How to convert protobuf wallet format to private key

I did this step "enc -d -aes-256-cbc -a -in-bitcoin-wallet-backup> bitcoin_decrypted" in openssl and typed in the password that org.bitcoin.production gave me, so I think that my password works I can see 2 lines of foreign language with a few letters and numbers in between, so I assume it's the protobuf format.
Now as listed is the second step
Install bitcoinj:
Git clone
cd bitcoinj
Git Git –all
Git Checkout v0.14.4
MVN installation (fails on GroupTest in Windows Bash, but works anyway)
CD Tools

But my question is, where should I enter all these commands? in the same opensll page where I see the foreign language or elsewhere?

Why Protobuf is called a binary format, although we write it in text format similar to json

This is clearer when you compare two similar data items to non-text data components.

For example, the following JSON is ALL text:

"NumberOfClients": 20

The 20 consists of two separate characters, but would be represented in Protobuf as an actual binary integer, which in this case would be a single byte: 00010100

Also, I'm not sure if you understand Protobuf correctly when you compare apples and oranges in your question. They compare JSON dates to a protéguf scheme

Networking – Protobuf Vs. Flat buffer for games?

I've done some research on protopuffers and flat buffers, but I've seen conflicting and potentially outdated information.

Is it correct to say that the main tradeoff is that protobuffers have a smaller wire size, while flat buffers are more accessible?

So, if a project depends more on network performance than on local data read times, would protobuffers be the obvious choice? Or do I still miss other factors?

Protobuf: compile spec once, use generated code anywhere?

Once written, a protobuf specification can be created using Protoc to a variety of implementations in different languages ​​(eg Python, C ++, go). That's great. To compile the generated code, you need a protobuf development library, and if I am not mistaken, it will take some running time.

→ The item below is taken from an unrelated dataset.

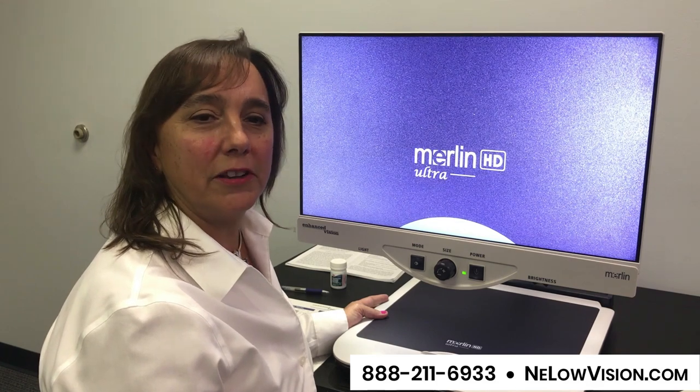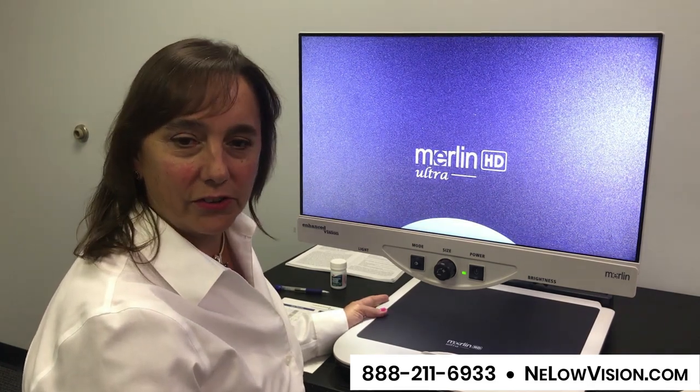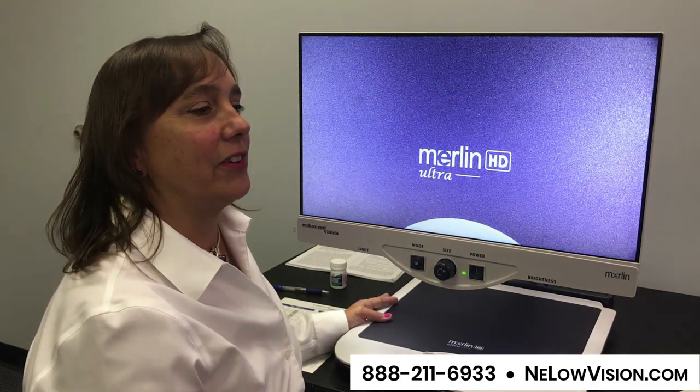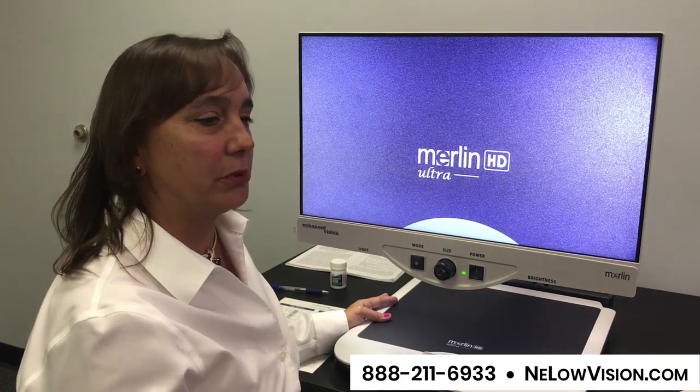Hi, I'm Tracy Andrews with New England Low Vision and Blindness. I'm excited to show you the Merlin Ultra 24 today by Enhanced Vision. This video magnifier you're going to see all over the place — it is the industry workhorse. It is very simple to operate.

Is there a way to generate the implementation code in a pure linguistic, self-contained way? For example, I would compile and distribute my implementation in C ++ and Python, and users could use it simply by using the standard library.

If not, are there frameworks (similar in principle to Protobuf) that produce a serialization code in a specification that is self-contained and does not require other non-standard libraries for a particular language?

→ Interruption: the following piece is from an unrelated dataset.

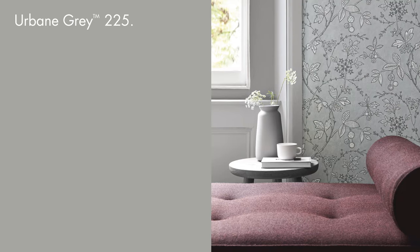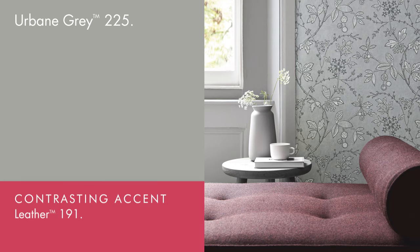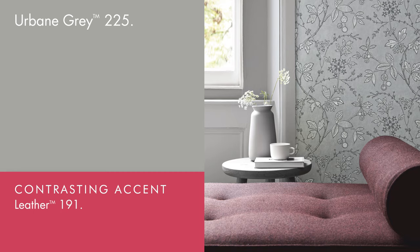Contemporary schemes cope well with the inclusion of a much brighter shade. The 1960s pink leather will look great alongside Urbane Grey in this context.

This question arises from the fact that lately I had to use protobuf on different systems and that there was a different development library available for each one. Should the specification be created separately on each system? What if the compilers have different versions?

Serialization – Can I add a new function for the struct generated by protobuf?

I use protobuf definitions to define message types.
Structure looks like

message1 {
Message2 {
Bytes msg1 = 1

So Message2 has a field that is a byte array representation of message1. I am:

  1. Create a msg1 structure instance
  2. serialization
  3. Encrypt byte array obtained in step 2
  4. Calculate the digital signature of the cipher generated in step 3

I want to see if it's possible to add a function for protobuf message1 that returns a serialized message1.